Every line of the data is to be transcribed as it stands.

****

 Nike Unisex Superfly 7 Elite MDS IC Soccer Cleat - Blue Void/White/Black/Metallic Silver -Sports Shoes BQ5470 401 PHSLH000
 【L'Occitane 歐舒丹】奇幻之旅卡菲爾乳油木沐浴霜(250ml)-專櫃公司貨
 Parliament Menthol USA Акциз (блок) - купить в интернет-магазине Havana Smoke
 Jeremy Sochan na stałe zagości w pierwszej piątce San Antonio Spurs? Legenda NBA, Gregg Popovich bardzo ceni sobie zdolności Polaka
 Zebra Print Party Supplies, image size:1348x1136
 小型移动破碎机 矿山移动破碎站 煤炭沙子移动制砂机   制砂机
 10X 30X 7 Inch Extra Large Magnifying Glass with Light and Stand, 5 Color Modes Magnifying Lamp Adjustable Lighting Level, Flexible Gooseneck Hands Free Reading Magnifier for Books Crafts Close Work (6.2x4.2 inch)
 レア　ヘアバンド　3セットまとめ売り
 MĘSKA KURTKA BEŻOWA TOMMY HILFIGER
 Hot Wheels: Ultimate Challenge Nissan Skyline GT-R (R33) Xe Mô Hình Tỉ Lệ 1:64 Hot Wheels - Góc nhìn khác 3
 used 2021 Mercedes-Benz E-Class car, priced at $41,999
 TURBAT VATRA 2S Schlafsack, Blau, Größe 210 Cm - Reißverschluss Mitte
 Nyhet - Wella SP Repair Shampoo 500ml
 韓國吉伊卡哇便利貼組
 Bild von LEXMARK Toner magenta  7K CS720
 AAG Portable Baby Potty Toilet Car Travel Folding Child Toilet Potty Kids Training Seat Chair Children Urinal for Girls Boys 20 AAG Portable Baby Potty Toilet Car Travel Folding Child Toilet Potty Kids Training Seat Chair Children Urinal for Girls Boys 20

****

> [WRITTEN RESPONSE]
 Nike Unisex Superfly 7 Elite MDS IC Soccer Cleat - Blue Void/White/Black/Metallic Silver -Sports Shoes BQ5470 401 PHSLH000
 【L'Occitane 歐舒丹】奇幻之旅卡菲爾乳油木沐浴霜(250ml)-專櫃公司貨
 Parliament Menthol USA Акциз (блок) - купить в интернет-магазине Havana Smoke
 Jeremy Sochan na stałe zagości w pierwszej piątce San Antonio Spurs? Legenda NBA, Gregg Popovich bardzo ceni sobie zdolności Polaka
 Zebra Print Party Supplies, image size:1348x1136
 小型移动破碎机 矿山移动破碎站 煤炭沙子移动制砂机   制砂机
 10X 30X 7 Inch Extra Large Magnifying Glass with Light and Stand, 5 Color Modes Magnifying Lamp Adjustable Lighting Level, Flexible Gooseneck Hands Free Reading Magnifier for Books Crafts Close Work (6.2x4.2 inch)
 レア　ヘアバンド　3セットまとめ売り
 MĘSKA KURTKA BEŻOWA TOMMY HILFIGER
 Hot Wheels: Ultimate Challenge Nissan Skyline GT-R (R33) Xe Mô Hình Tỉ Lệ 1:64 Hot Wheels - Góc nhìn khác 3
 used 2021 Mercedes-Benz E-Class car, priced at $41,999
 TURBAT VATRA 2S Schlafsack, Blau, Größe 210 Cm - Reißverschluss Mitte
 Nyhet - Wella SP Repair Shampoo 500ml
 韓國吉伊卡哇便利貼組
 Bild von LEXMARK Toner magenta  7K CS720
 AAG Portable Baby Potty Toilet Car Travel Folding Child Toilet Potty Kids Training Seat Chair Children Urinal for Girls Boys 20 AAG Portable Baby Potty Toilet Car Travel Folding Child Toilet Potty Kids Training Seat Chair Children Urinal for Girls Boys 20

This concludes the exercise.